Task - Find the shortest time path such that the delivery boy meets SLA for maximum number of orders. The best path is the one where SLA is met for all orders..

I think it will be better if I start with a couple of variations.. Use these variations in dry runs and gather some data for each of the variations..

What I am looking for - Any other cues/variations that I can use.. The greedy approach is already up and running. I am gathering real time data to measure its performance..

CLARIFICATIONS

If SLA's can't be met, do the deliveries still need to be made? - Yes, in those cases the best algorithm will be the one with minimum SLA breaches..followed by minimum time..

Are there algorithm constraints/metrics (I.E. execution speed, memory used,etc) that must be considered? - Speed - not so much an issue - even if it takes 1 minute to run algo its ok, memory - it may take upto 0.5 gb.. Also if it turns out to be very compute intensive.. I can buy a new machine for running this algo..

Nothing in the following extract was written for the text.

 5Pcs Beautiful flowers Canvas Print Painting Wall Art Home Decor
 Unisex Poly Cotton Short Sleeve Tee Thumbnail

Will you need to scale up beyond the relatively small inputs stated - NO. The delivery boys capacity is fixed. It may at the most become 15 (from 10 earlier)

Asked By : abipc

Answered By : Pikalek

A max of 10-15 orders is small enough that you might be able to brute force it. While this would exceed your execution time limit, it might be worth doing so on a small number of problems in order to compare algorithms absolutely rather than relatively. Alternatively, you might be able to find precomputed benchmarks for this problem.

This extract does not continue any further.